Saving Heirloom Tomato Seeds

 “No occupation is so delightful to me as the culture of the earth, and no culture comparable to that of the garden.” - Thomas Jefferson

Heirloom tomatoes are open pollinated, and non-hybridized varieties. I'm saving seeds from my favorite variety, 'Taps Tomato' for next years garden.

Choose a large, healthy, fully ripe tomato. Don't use one that's over-ripe, or the seeds could sprout, or decay in the later steps.

                                           Cut the tomato in half.

Squeeze the tomatoes, into a bowl, crushing them.(don't use metal) Don't worry about scraping seeds from the tomato, there will be a lot that will fall into the bowl.

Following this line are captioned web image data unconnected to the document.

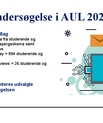 gennemgang af brugerundersøgelsen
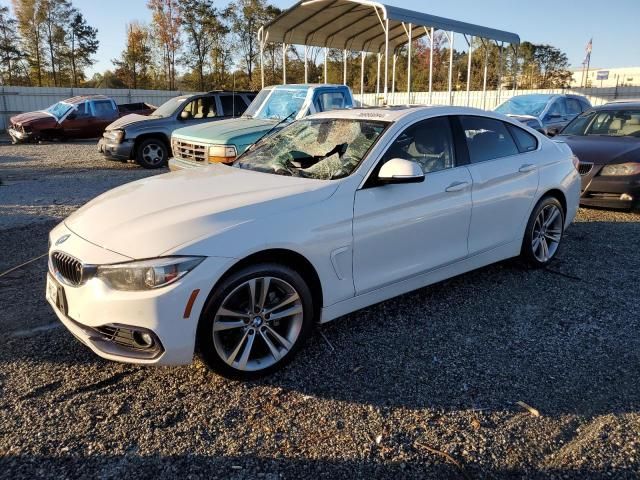 2018 BMW 430XI Gran Coupe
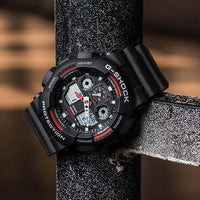 G-SHOCK GA-100-1A4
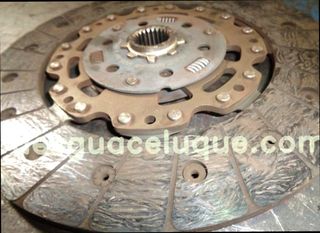 KIT MAZA Y DISCO DE EMBRAGUE VOLKSWAGEN TIGUA 7609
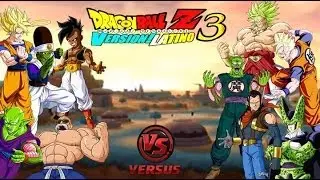 DRAGON BALL Z BUDOKAI TENKAICHI 3 LATINO VERSION FINAL GAMEPLAY PART 44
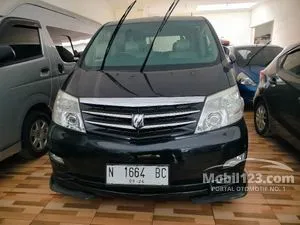 2007 Toyota Alphard 3.0 G MPV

Taps is a very juicy Tomato, I strain the juice away, and put the seeds back in the bowl. You'll notice the seeds are coated, with a gel. the next step is to get rid of the gel.

                                         Fill the bowl, half full of water.

Cover and let it set; for about, 3 days,(depends on the temperature) until you see mold growing on the surface. I used a cereal bowl, and covered it with a saucer.

The mold will look like a cloudy film on the surface. You most likely, will see a few seeds, floating on the surface as well. (these won't sprout) Pour off as much of the water as you can, including the floating seeds.

I pick out any large tomato particles, by hand, then dump the seeds into a small mesh strainer. Run water over the seeds, in the strainer, while gently rubbing them, with your fingertips, to dislodge any remaining gel, on the seeds. After letting the water drain from the strainer, dump the seeds, onto a clean folded kitchen towel, or a paper plate. Spread them out, a bit, so the air can circulate around them, and prevent them from molding. Let them dry for a few days, then store them in a labeled envelope.